Unified, Verifiable Neural Simulators for Electromagnetic Wave Inverse Problems
Charles Dove, Jatearoon Boondicharern, Laura Waller
TL;DR
UCMax presents a unified, verifiably accurate neural surrogate for electromagnetic scattering that scales to thousands of degrees of freedom and arbitrary illumination, using attentional multi-conditioning and non-recurrent intermediate-state supervision. It offers $O(1)$-time predictions for intermediate timesteps and a computable inference-time error bound, enabling robust performance guarantees.

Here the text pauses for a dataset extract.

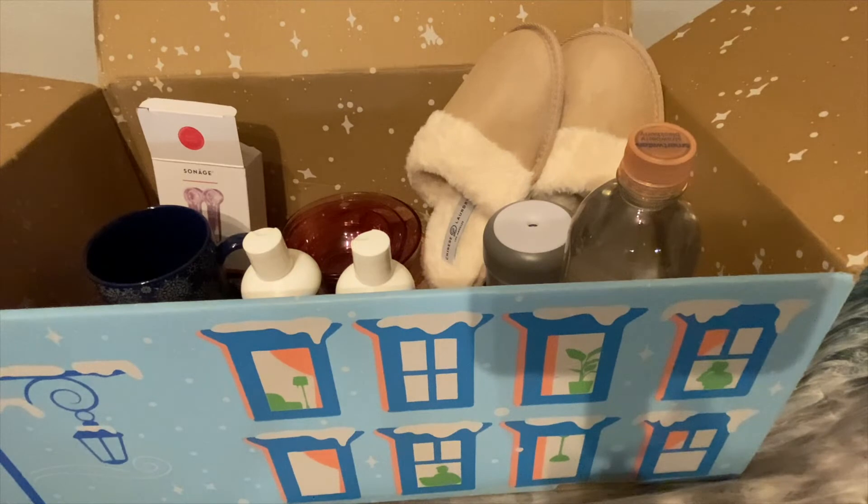So this is the winter box from FabFitFun. As I said, you can just do it seasonally or pay upfront for the year and get the customization earlier. Please like and subscribe, thank you for watching, happy Thanksgiving everyone, and please be good and do good.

Trained on randomized data, UCMax generalizes to optical tomography, beam shaping in random media, and freeform photonic inverse design, delivering up to $96\%$ speedups with accuracy comparable to full-wave FDTD. The approach extends to time-domain PDEs beyond electromagnetics and provides a practical blueprint for verifiable neural surrogates in complex wave problems.
Abstract
Simulators based on neural networks offer a path to orders-of-magnitude faster electromagnetic wave simulations. Existing models, however, only address narrowly tailored classes of problems and only scale to systems of a few dozen degrees of freedom (DoFs). Here, we demonstrate a single, unified model capable of addressing scattering simulations with thousands of DoFs, of any wavelength, any illumination wavefront, and freeform materials, within broad configurable bounds. Based on an attentional multi-conditioning strategy, our method also allows non-recurrent supervision on and prediction of intermediate physical states, which provides improved generalization with no additional data-generation cost. Using this O(1)-time intermediate prediction capability, we propose and prove a rigorous, efficiently computable upper bound on prediction error, allowing accuracy guarantees at inference time for all predictions. After training solely on randomized systems, we demonstrate the unified model across a suite of challenging multi-disciplinary inverse problems, finding strong efficacy and speed improvements up to 96% for problems in optical tomography, beam shaping through volumetric random media, and freeform photonic inverse design, with no problem-specific training. Our findings demonstrate a path to universal, verifiably accurate neural surrogates for existing scattering simulators, and our conditioning and training methods are directly applicable to any PDE admitting a time-domain iterative solver.